Recorded information —
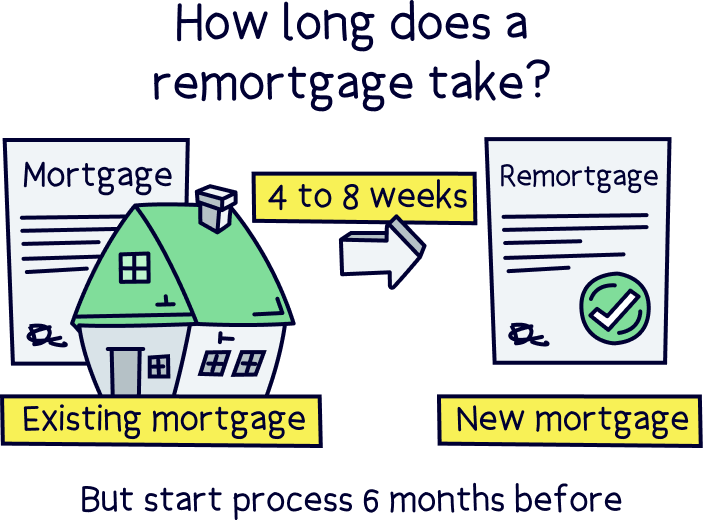 How long does a remortgage take?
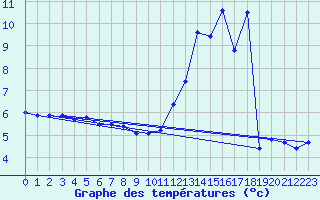 Courbe de tempratures pour Chteau-Chinon (58)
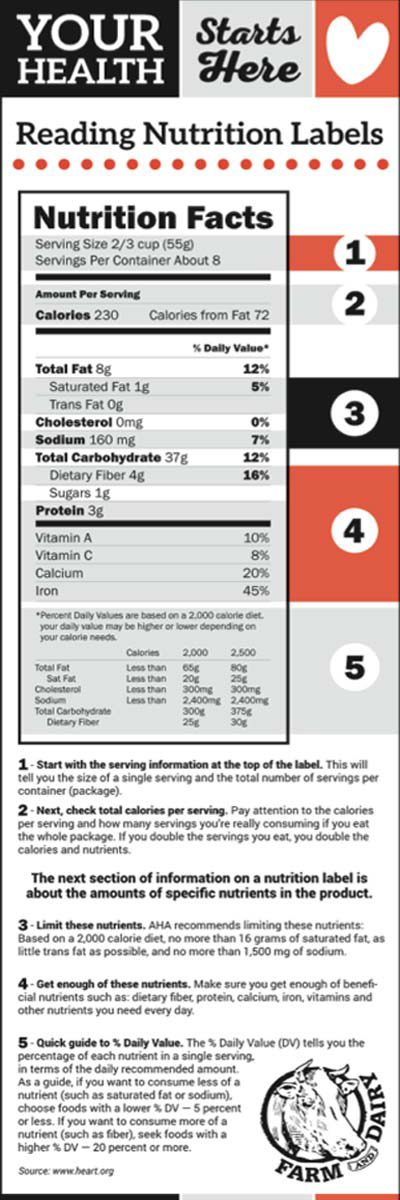 nutrition labels infographic
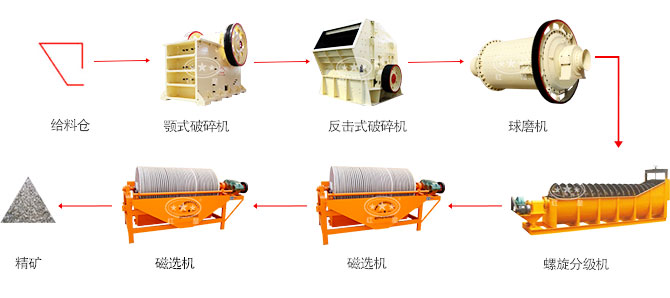 鐵礦選礦生產線流程圖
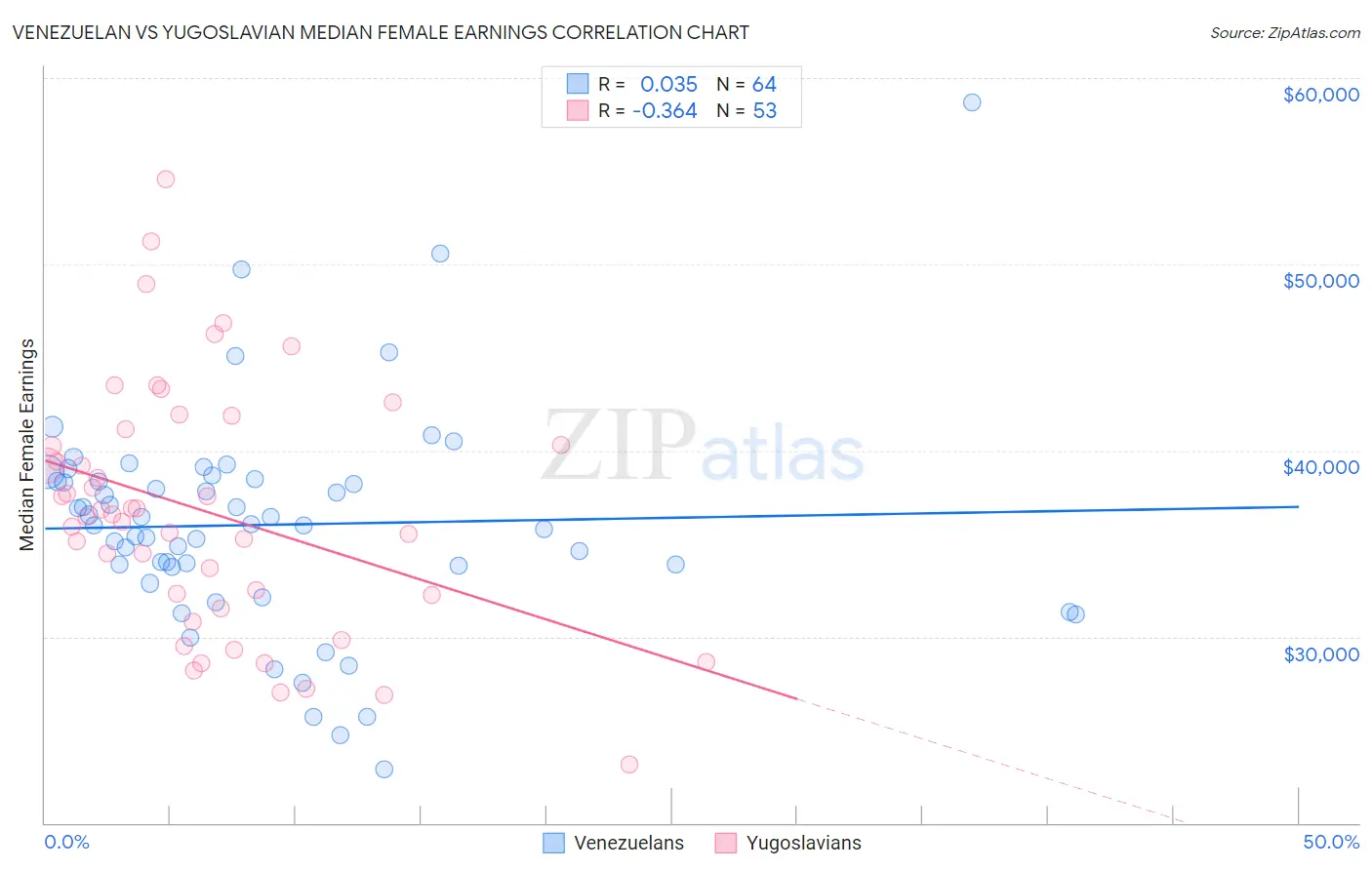 Venezuelan vs Yugoslavian Median Female Earnings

What is required —
Return the material word for word, images omitted.

Exercise response —
 How long does a remortgage take?
 Courbe de tempratures pour Chteau-Chinon (58)
 nutrition labels infographic
 鐵礦選礦生產線流程圖
 Venezuelan vs Yugoslavian Median Female Earnings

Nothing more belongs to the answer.